The past month has been an incredible time for high-definition releases, including masterful editions of classics like Psycho, The Exorcist, King Kong, Apocalypse Now, The Alien Anthology and Back to the Future but, in way only they can, Criterion has given everyone else a run for their money with their high-definition two-disc set of Akira Kurosawa’s masterpiece, Seven Samurai.
Going all the way back to spine #2 in the collection, this marks the third (not counting laserdisc) release for Seven Samurai. While most of the features are a port of the three-disc DVD edition released in 2006, the picture on the Blu-ray is nothing short of stunning. Combined with an overwhelming collection of supplements, it’s hard to imagine there ever being a finer edition of this film on home video.
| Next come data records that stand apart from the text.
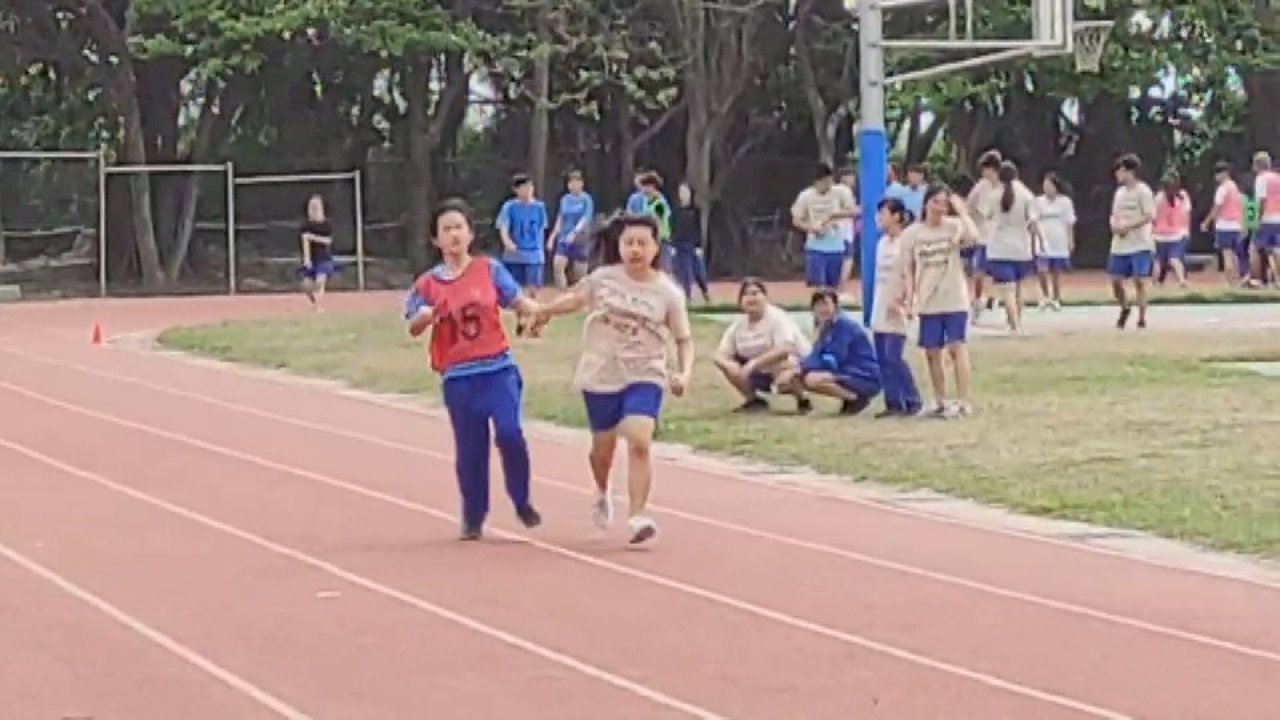 Câu chuyện xúc động: cả lớp cố gắng giúp bạn học khiếm thị có thể thi chạy tiếp sức trong hội thao trường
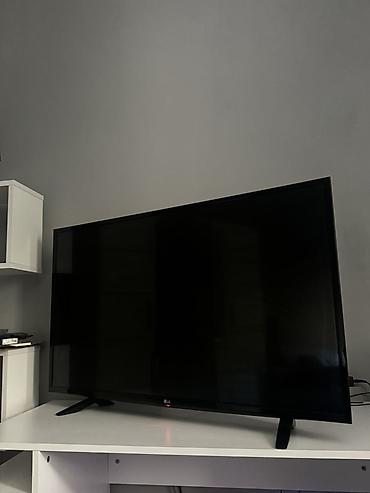 samsung ue46d8000: LG LED televizor, dijagonala oko 43–49 inča (procena po postolju i — 1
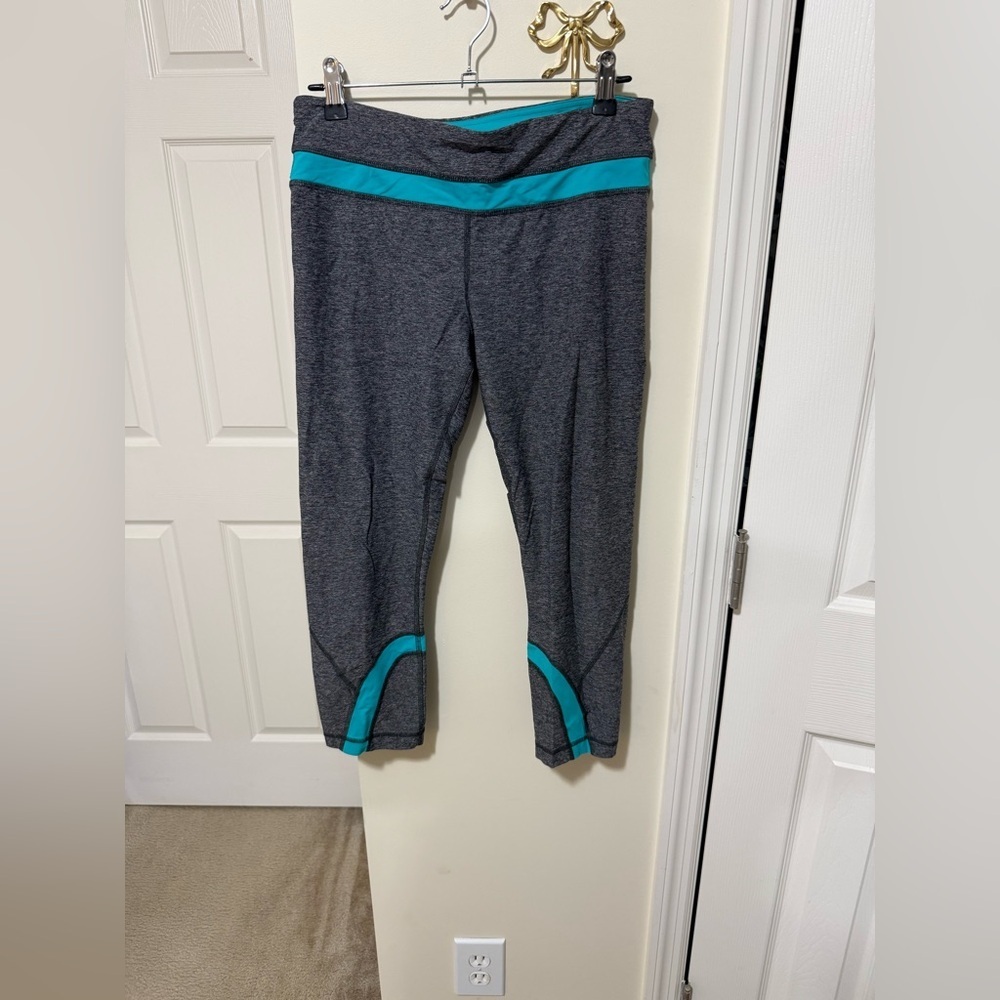 Lululemon Athletica Charcoal and Aqua Leggings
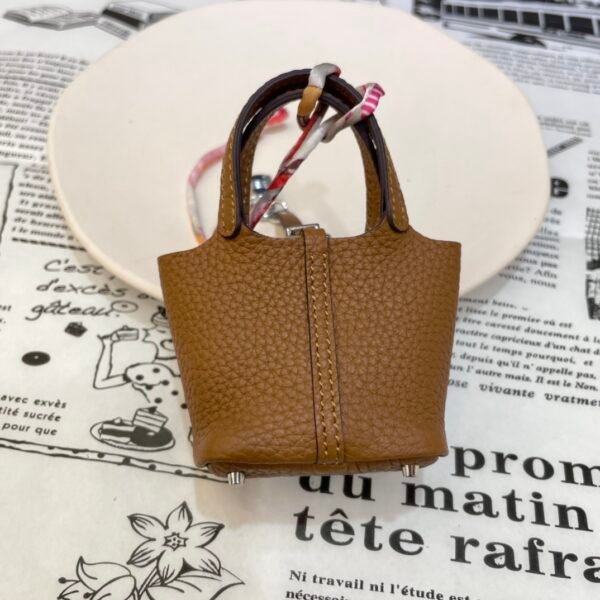 USA Washington CK37 Gold Togo Leather Picotin Bag Charm Silver Hardware
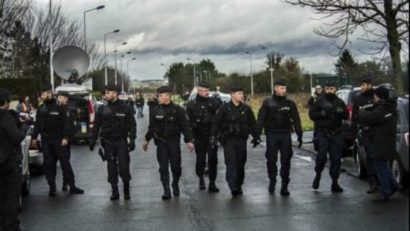Noi alerte teroriste în Franţa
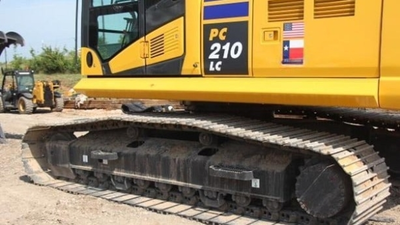 USED 2023 Komatsu PC210 LC-11
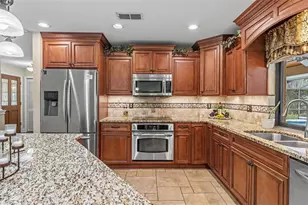1428 N Timberidge Loop, Lakeland, FL 33809 - Photo 17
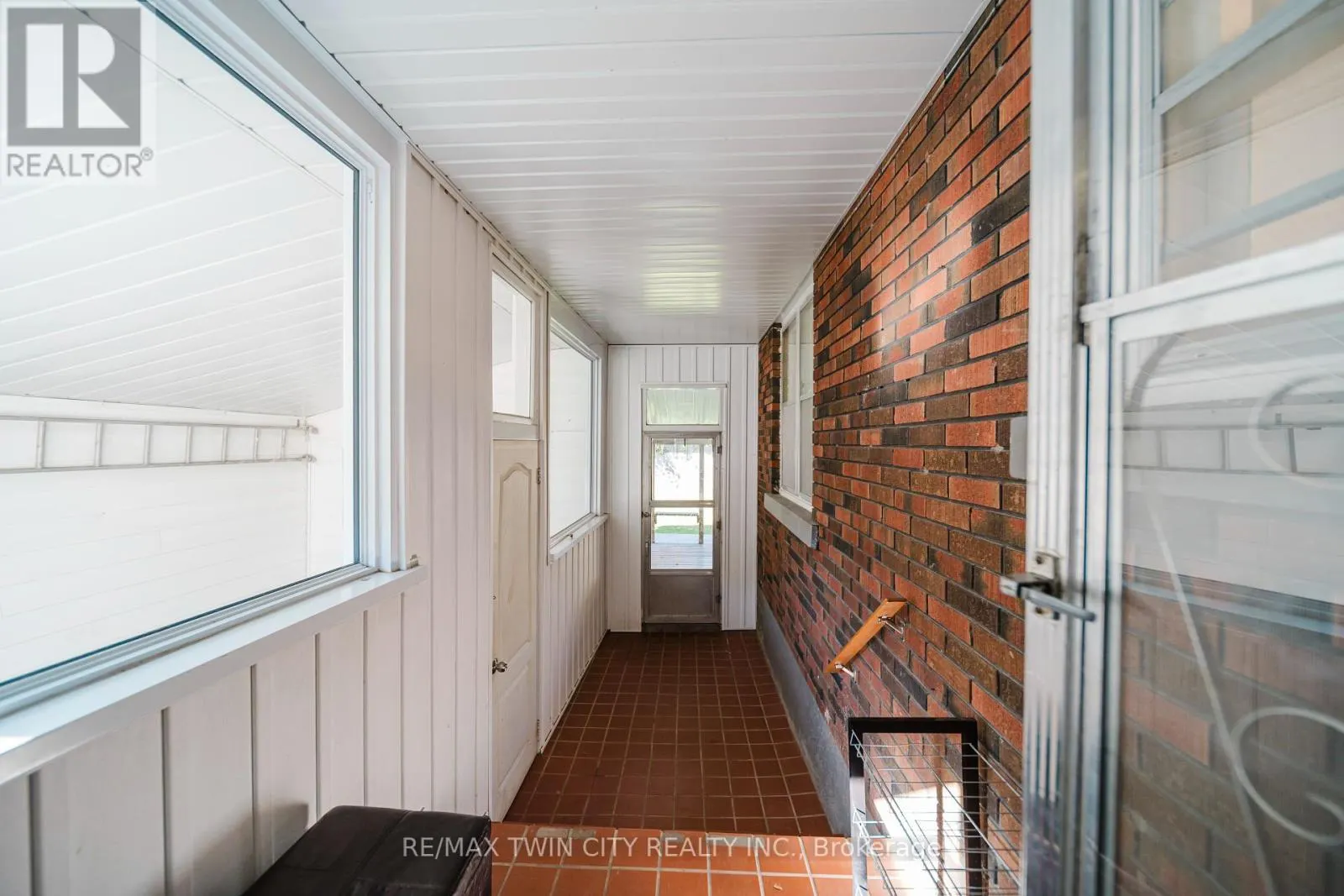 48 CHRISTOPHER DRIVE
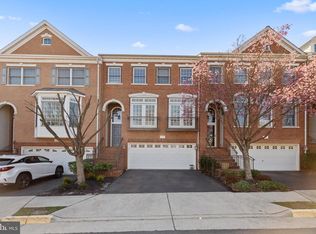 10367 Gershwin Ct, Oakton, VA 22124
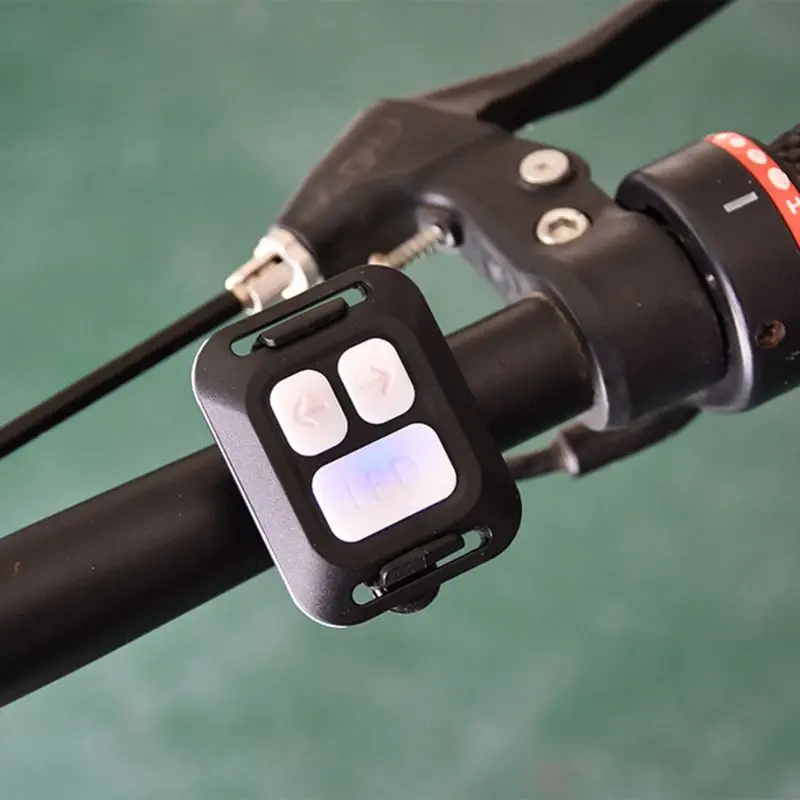 

Smart Turn Signal Bike Cycling Tail Lights USB Rechargeable Bicycle Rear Light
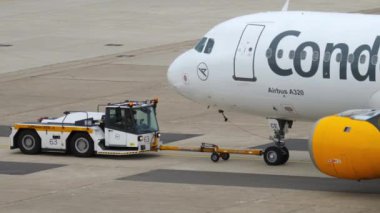 Havaalanı pistinde a320 uçak iten çekici.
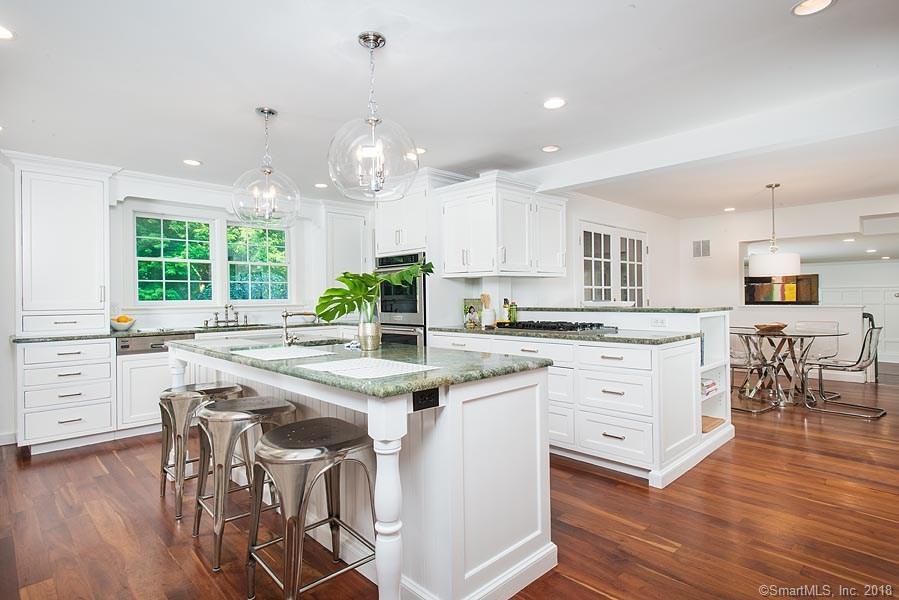 4 Brightfield Ln - Photo 3 of 27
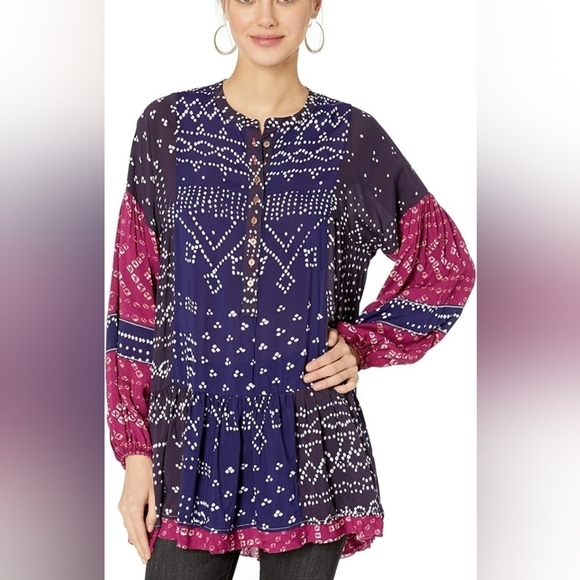 Free People Shibori Long Sleeve Tunic Dress in blue and pink blue Size M - Picture 2 of 10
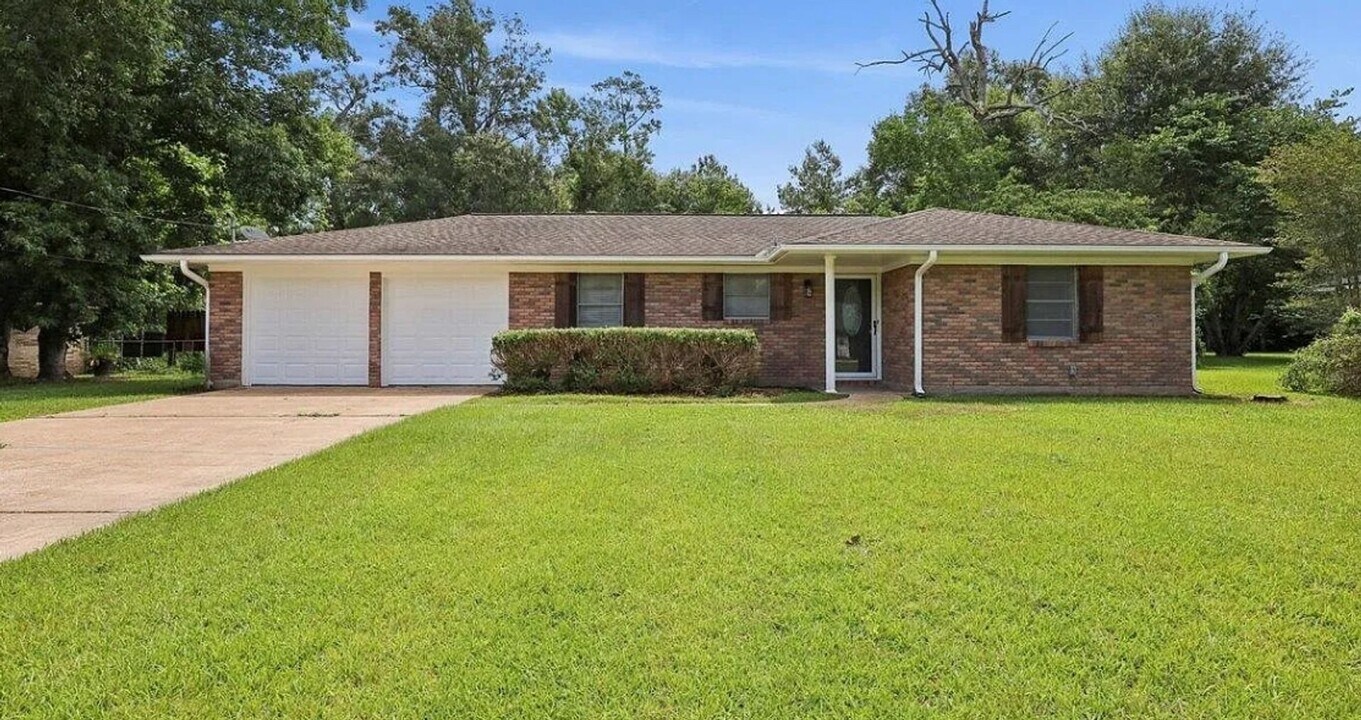 630 White Oak Dr in Lumberton, TX - Building Photo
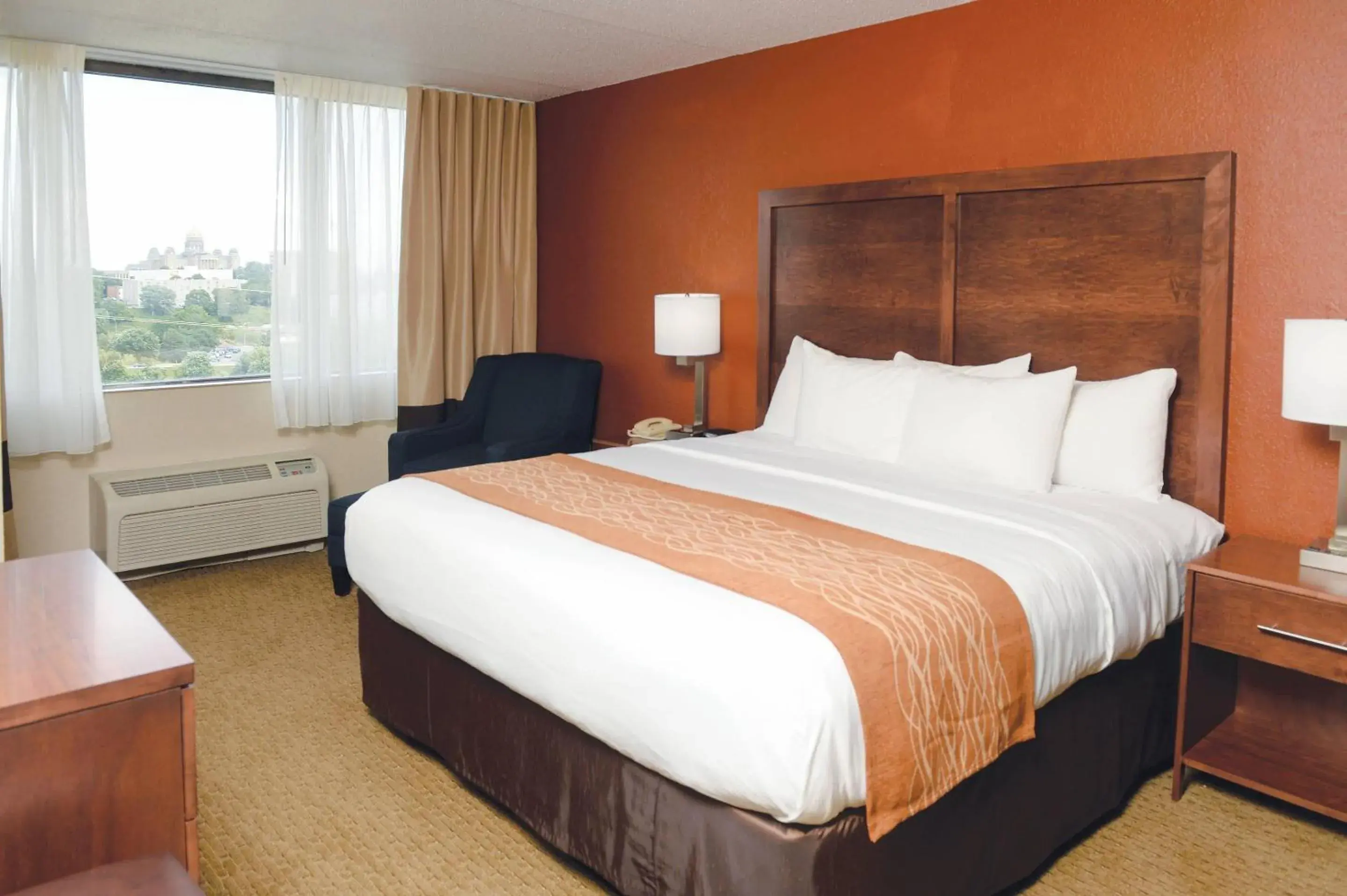 Bedroom, Bed in Comfort Inn & Suites Event Center Bedroom, Bed in Comfort Inn & Suites Event Center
Arguably the finest action film of all time, Seven Samurai has been a classic since its original release in 1954. Set in 16th century Japan, it tells the epic story of a village that hired seven ronin to defend against violent bandits. Starring Toshiro Mifune in their seventh (of 16) collaborations, Seven Samurai was remade in America as The Magnificent Seven, though its story has also inspired numerous films including, perhaps most unlikely, Pixar’s A Bug’s Life and it’s influence stretches to this day with a summer full of “team” movies like The Losers, The Expendables, The A-Team and RED.
There’s not much that can be said in a review of the film itself that hasn’t been written in the last six decades, but I’ll preface a focus on the special features by reiterating that Seven Samurai is 100 percent required and rewarding viewing for anyone interesting in cinema on just about any level. Though it still plays shockingly well to a modern audience, the influence and impact of Seven Samurai can’t be underestimated.
Disc One offers two different commentaries, the first being the Michael Jeck commentary from the company’s original laserdisc release. Jeck (a man I had the pleasure of working with once upon a time at the American Film Institute) knows his Kurosawa through and through and his sharp and insightful facts are well-delivered. He appears on one other Kurosawa track (Throne of Blood), which is equally great.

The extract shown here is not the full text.